ZEW economist Michael Schroeder said the number of survey participants who expect the ECB to slash interest rates in the next half year had risen but they were still in the minority.

The disappointing figures come after data showed business morale in France, the euro zone’s second largest economy, also slipped in June, putting a dampener on the region’s prospects. ID:nP6E8FR02Q]

“It has really come as a surprise to me that it is such a huge decline,” ZEW’s Schroeder said. “This is not just monthly fluctuation, this is really too big a change to be interpreted as that.”

He added that falling exports and slowing growth in Europe and Asia had contributed to the decline.

“The financial market experts’ expectations are a strong warning against a too-optimistic assessment of Germany’s economic perspectives in the remainder of this year,” said ZEW President Wolfgang Franz.

“The risks of a pronounced decline in economic activity in countries with close trade ties to Germany are very clear,” Franz added.

He described the situation in the euro zone as “precarious”, even after Greeks voted narrowly for parties supporting the terms of its bailout program, saving the country from bankruptcy and a potential exit from the euro.

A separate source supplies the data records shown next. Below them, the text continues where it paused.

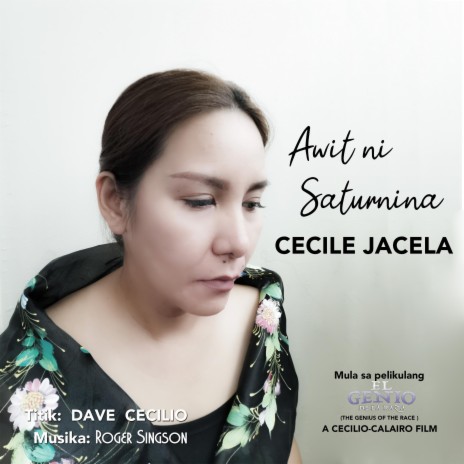 Awit ni Saturnina (feat. Cecile Jacela & Dave Cecilio)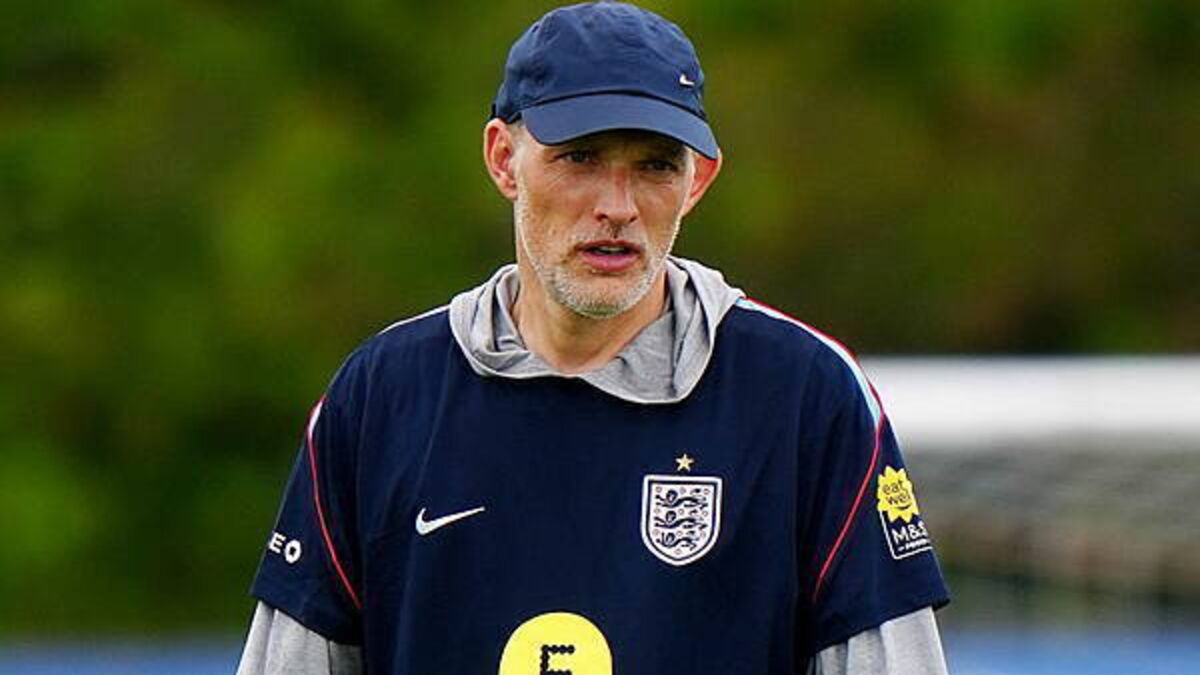 England Recover Stolen Training Equipment Ahead of World Cup Opener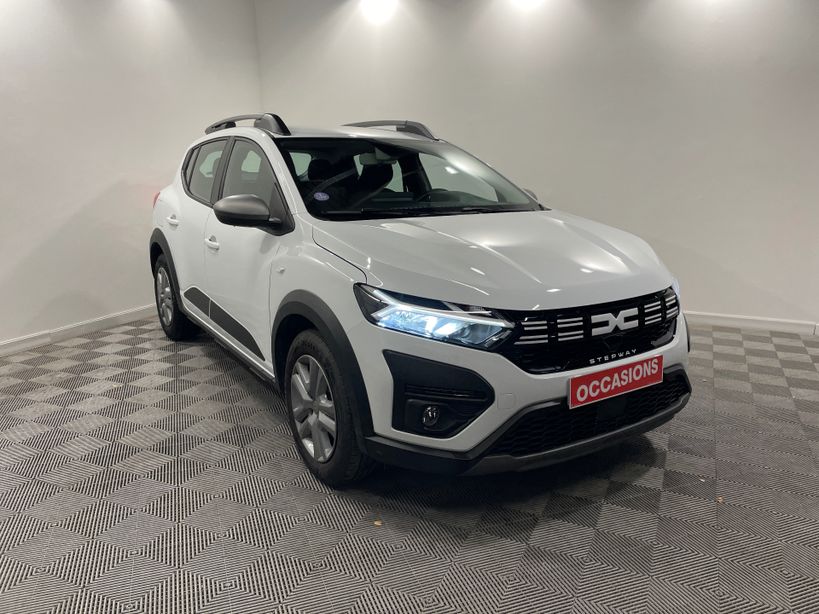 DACIA SANDERO 2023 - Photo n°3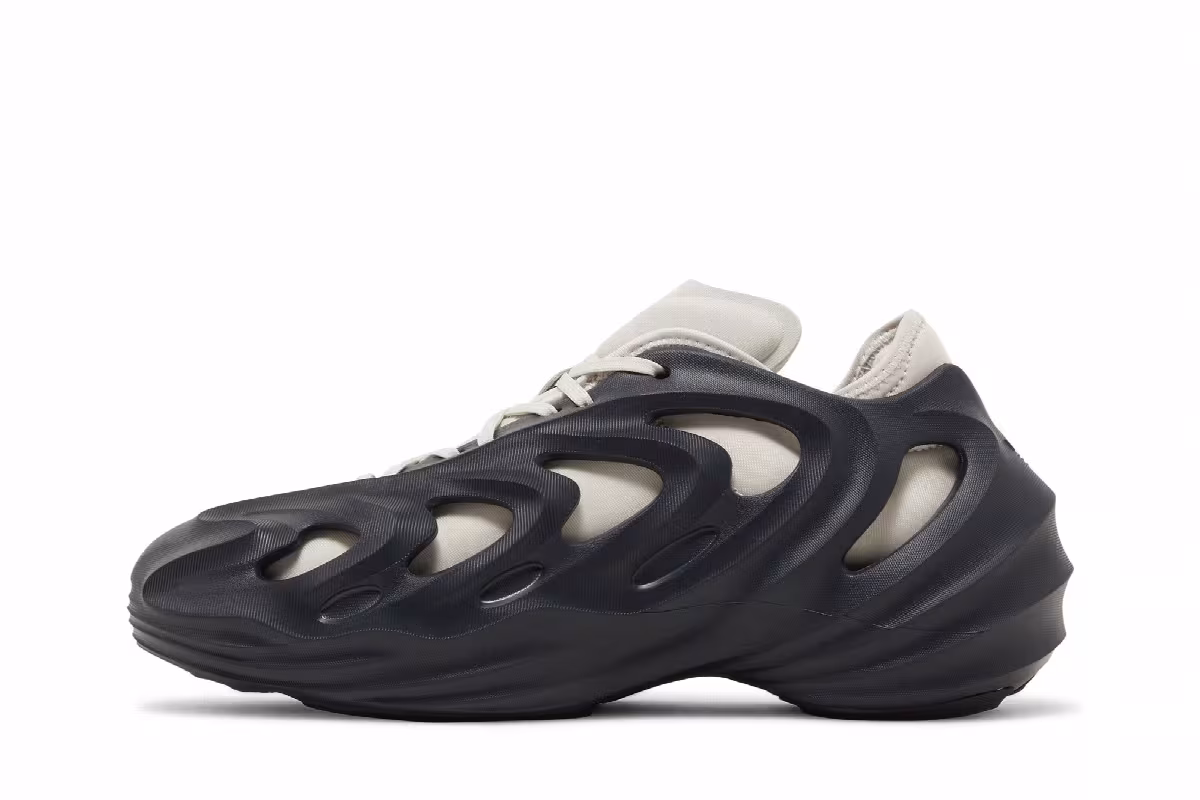 adidas adiFOM Q Legend Ink, view 4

ZEW’s Schroeder said he did not expect Germany to fall back into recession but that Europe’s largest economy would experience slow growth. He pointed to the poor outlook for the next half year, especially in the banking and insurance sectors.

“You can’t exactly translate a negative figure in expectations into negative growth,” he said.

The German economy steamed ahead early in the year and managed to save the euro zone from recession by growing 0.5 percent in the first quarter, but recent data has indicated that it is succumbing to the effects of the region’s debt crisis.

Figures released earlier this month showed that German imports tumbled at their fastest rate in two years in April and exports fell more than expected.

The industrial sector is also suffering, with orders posting their sharpest decline since November 2011 in April as contracts from abroad dried up. Industrial production dropped more than expected in April.

Purchasing Managers Index (PMI) surveys due on Thursday are expected to add to the negative mood, with the headline composite index that combines manufacturing and services seen pointing to a contraction in the private sector for the second month running.

But economists said there was still hope on the horizon, and several German research institutes have recently raised their 2012 growth forecasts.

Many expect private consumption in particular to be the economy’s saving grace as Germans benefit from low unemployment and higher pay in the chemical and engineering sectors following successful wage negotiations.

“Towards the end of the year, we expect Germany’s economy to grow again and help drag the rest of the euro zone out of recession,” said Christian Schulz of Berenberg Bank.

The ZEW index was based on a survey of 274 analysts and investors conducted between May 29 and June 18.

Around 30 of the results were collected after Greeks gave pro-bailout parties a narrow majority in Sunday’s election but these were only slightly better than responses collected before Greece went to the polls, ZEW’s Schroeder said.